I’m an Ayrshire artist working with paint and felt to create colourful visual narratives that explore contemporary social and political issues through humour, familiarity, and storytelling. My practice combines abstract painted acrylic backgrounds with constructed felt elements, creating layered compositions that balance softness with tension, playfulness with unease.

Rooted in childhood memories, British popular culture, and everyday observation, my work draws on the visual language of theatre, puppetry, television, and simplified forms to encourage immediate connection with the viewer. Using felt as both a tactile and symbolic material, I explore the contrast between comfort and discomfort. Often associated with childhood, softness, and play, felt allows me to create work that initially appears approachable or light-hearted before revealing more complex emotional and political undercurrents beneath the surface. I use humour not to diminish seriousness, but to sharpen it.

In a cultural landscape that can often feel increasingly heavy, distant, and visually restrained, I want my work to retain a sense of colour, theatricality, and human connection. My influences include Thomas Grünfeld, W. W. Denslow, and Kara Walker, whose approaches to storytelling, symbolism, and simplified visual language continue to inform my own practice.

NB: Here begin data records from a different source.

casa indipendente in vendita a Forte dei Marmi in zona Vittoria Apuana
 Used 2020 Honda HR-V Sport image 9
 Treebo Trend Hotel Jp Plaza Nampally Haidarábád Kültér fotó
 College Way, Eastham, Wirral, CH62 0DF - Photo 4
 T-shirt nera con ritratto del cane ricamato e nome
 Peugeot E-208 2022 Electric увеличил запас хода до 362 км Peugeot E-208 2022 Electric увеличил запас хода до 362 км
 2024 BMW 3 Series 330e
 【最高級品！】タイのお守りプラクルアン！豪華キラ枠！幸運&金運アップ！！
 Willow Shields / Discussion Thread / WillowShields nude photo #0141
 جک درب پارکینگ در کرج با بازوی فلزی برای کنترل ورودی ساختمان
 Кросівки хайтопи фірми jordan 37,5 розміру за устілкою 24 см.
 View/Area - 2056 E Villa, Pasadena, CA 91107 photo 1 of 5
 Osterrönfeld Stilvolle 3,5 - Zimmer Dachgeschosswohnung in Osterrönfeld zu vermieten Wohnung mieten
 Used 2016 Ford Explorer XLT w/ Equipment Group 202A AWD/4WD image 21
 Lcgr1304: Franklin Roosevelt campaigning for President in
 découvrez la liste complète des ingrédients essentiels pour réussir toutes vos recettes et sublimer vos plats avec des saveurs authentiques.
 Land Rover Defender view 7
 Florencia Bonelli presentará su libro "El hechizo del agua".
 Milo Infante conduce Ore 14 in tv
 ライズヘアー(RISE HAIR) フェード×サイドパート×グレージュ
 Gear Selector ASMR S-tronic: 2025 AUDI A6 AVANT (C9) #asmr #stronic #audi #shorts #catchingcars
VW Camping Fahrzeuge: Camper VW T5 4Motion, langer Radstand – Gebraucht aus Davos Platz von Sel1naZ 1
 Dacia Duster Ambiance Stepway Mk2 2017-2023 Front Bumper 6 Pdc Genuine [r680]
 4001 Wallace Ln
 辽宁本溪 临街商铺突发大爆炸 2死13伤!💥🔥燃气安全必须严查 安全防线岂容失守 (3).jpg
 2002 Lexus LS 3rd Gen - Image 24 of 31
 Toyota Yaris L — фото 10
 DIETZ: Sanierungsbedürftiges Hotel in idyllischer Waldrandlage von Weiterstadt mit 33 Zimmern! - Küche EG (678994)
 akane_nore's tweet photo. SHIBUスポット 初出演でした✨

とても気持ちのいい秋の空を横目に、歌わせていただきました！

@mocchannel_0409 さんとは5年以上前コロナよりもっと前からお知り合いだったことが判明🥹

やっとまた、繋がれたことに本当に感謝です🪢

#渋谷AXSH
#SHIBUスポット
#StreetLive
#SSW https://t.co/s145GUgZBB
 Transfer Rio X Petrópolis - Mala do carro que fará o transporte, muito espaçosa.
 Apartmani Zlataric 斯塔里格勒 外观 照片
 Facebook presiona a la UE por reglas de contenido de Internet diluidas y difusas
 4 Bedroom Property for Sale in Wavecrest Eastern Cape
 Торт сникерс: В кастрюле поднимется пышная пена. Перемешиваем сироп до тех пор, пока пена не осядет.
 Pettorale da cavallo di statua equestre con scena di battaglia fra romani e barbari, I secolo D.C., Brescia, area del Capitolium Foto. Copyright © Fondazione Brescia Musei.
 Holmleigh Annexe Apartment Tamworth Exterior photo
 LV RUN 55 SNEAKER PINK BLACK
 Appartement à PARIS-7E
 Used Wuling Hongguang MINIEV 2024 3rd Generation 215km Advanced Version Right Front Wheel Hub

My path into art has been a personal and creative journey, beginning in hairdressing before moving into makeup artistry and eventually running my own theatrical makeup business. Those experiences shaped my love of colour, character, storytelling, and transformation, all of which continue to influence my practice today. Studying as a mature student at the Glasgow School of Art reflects my belief that creativity and reinvention can happen at any stage of life, approached with curiosity, resilience, and optimism.